== Segment start ==
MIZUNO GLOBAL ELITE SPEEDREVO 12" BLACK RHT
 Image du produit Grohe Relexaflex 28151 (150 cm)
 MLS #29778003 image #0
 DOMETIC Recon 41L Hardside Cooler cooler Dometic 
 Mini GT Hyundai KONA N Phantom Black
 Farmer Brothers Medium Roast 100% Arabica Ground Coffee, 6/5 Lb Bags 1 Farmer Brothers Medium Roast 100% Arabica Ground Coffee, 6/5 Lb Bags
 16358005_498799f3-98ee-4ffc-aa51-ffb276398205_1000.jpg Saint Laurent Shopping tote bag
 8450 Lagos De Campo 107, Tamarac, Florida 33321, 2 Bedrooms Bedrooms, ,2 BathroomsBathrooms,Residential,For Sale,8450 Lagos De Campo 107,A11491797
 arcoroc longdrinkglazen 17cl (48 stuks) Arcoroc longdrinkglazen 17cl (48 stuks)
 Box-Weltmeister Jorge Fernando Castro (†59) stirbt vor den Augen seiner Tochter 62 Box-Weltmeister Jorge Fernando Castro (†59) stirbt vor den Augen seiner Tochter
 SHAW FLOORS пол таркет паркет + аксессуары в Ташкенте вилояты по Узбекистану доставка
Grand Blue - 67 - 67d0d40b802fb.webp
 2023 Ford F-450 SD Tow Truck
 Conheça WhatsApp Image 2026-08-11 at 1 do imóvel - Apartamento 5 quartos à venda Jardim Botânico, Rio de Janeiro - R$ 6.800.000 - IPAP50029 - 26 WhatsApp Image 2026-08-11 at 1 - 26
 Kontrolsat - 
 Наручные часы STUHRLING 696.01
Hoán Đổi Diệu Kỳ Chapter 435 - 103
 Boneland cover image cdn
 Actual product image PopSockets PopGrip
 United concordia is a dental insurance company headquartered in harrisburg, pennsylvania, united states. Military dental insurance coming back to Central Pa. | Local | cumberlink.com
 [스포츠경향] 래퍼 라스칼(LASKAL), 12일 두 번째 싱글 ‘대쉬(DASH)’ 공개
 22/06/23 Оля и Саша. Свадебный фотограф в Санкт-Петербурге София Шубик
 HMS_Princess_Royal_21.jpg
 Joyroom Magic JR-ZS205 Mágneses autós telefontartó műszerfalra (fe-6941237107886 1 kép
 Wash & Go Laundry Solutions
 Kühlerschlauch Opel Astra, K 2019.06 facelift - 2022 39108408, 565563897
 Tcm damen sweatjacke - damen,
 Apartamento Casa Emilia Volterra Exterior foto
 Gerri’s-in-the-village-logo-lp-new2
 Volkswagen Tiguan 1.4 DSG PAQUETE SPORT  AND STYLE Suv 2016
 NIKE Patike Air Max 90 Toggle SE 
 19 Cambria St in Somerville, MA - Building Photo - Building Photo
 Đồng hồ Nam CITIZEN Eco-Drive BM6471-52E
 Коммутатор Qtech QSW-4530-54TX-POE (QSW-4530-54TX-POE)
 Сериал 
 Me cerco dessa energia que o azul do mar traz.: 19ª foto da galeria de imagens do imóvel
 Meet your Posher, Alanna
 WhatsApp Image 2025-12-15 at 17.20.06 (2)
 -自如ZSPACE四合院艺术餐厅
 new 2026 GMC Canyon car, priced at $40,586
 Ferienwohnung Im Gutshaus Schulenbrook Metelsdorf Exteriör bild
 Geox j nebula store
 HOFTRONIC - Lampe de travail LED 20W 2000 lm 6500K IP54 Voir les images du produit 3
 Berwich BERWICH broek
== Segment end ==
| ABOUT THIS TASK |
Each line between the start of the listing above and the line containing "Bags 1 Farmer", with both ends counted, is to be set down unchanged.

| RESPONSE TO THE EXERCISE |
MIZUNO GLOBAL ELITE SPEEDREVO 12" BLACK RHT
 Image du produit Grohe Relexaflex 28151 (150 cm)
 MLS #29778003 image #0
 DOMETIC Recon 41L Hardside Cooler cooler Dometic 
 Mini GT Hyundai KONA N Phantom Black
 Farmer Brothers Medium Roast 100% Arabica Ground Coffee, 6/5 Lb Bags 1 Farmer Brothers Medium Roast 100% Arabica Ground Coffee, 6/5 Lb Bags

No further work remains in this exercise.